2. In order to help you write your vows, reflect on your years together (write down your feelings as you reflect).
Think about the past ; the highlights you experienced in those years (a favorite Christmas or holiday, a child being born, a child getting married, a special holiday, etc.). What role did your ‘other half’ play in these good times? What specific memories do you have of your spouse at these moments? What feelings do these memories conjure up? Can you remember a time when you and your spouse laughed the hardest together? How did you feel about your spouse at that moment? Think about the lowlights in those years (a death, illness, loss, etc.) How did your spouse support you during these tough times? Were you able to forgive each other in all situations? Can you remember a time when you had no money. Can you remember a time when you were extremely ill?

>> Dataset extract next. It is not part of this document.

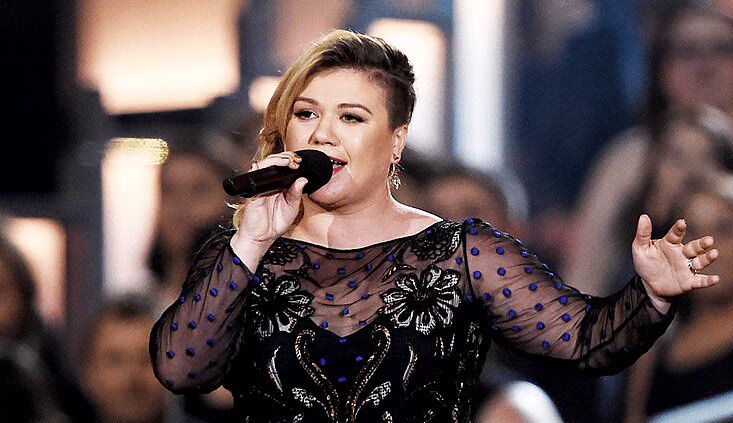 Kelly Clarkson Has Canceled The Rest of Her Tour in UK and Canada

Think about your future together: What are your hopes and dreams? What do you want to do differently than you have in the past? What do you want to continue to do the same?
3. How else might you personalise the ceremony? Will you invite the same best man/ bridesmaid? Would you like you children to be involved in a reading? Would you like to have your original wedding album available for others to see and ask your guests to bring their wedding photos?
Writing your own renewal of marriage vows
Your celebrant will help you write memorable marriage vows and vows to share when you exchange your rings again. Although the vows will have the greatest meaning if you write them yourselves and speak from your heart. Remember when you write your wedding renewal vows that a vow is a pledge or a promise. Just because you have already vowed certain things does not mean that you cannot vow those things again. Then again, there may be things you have learned in your years together and thus new vows that you would like to make to each other as you move forward in your lives together.
The ring finger of the left hand, the side of the body that holds the heart, was
chosen for the wedding band because for centuries people believed that there was a vein that ran directly from that finger to the heart. They also believed that the words spoken during the placing of the wedding band would resonate over and over again through the heart and soul of both giver and the receiver of the promises made on the marriage date. Therefore these rings shall not only celebrate the past, but hold the promise of your continuing journey.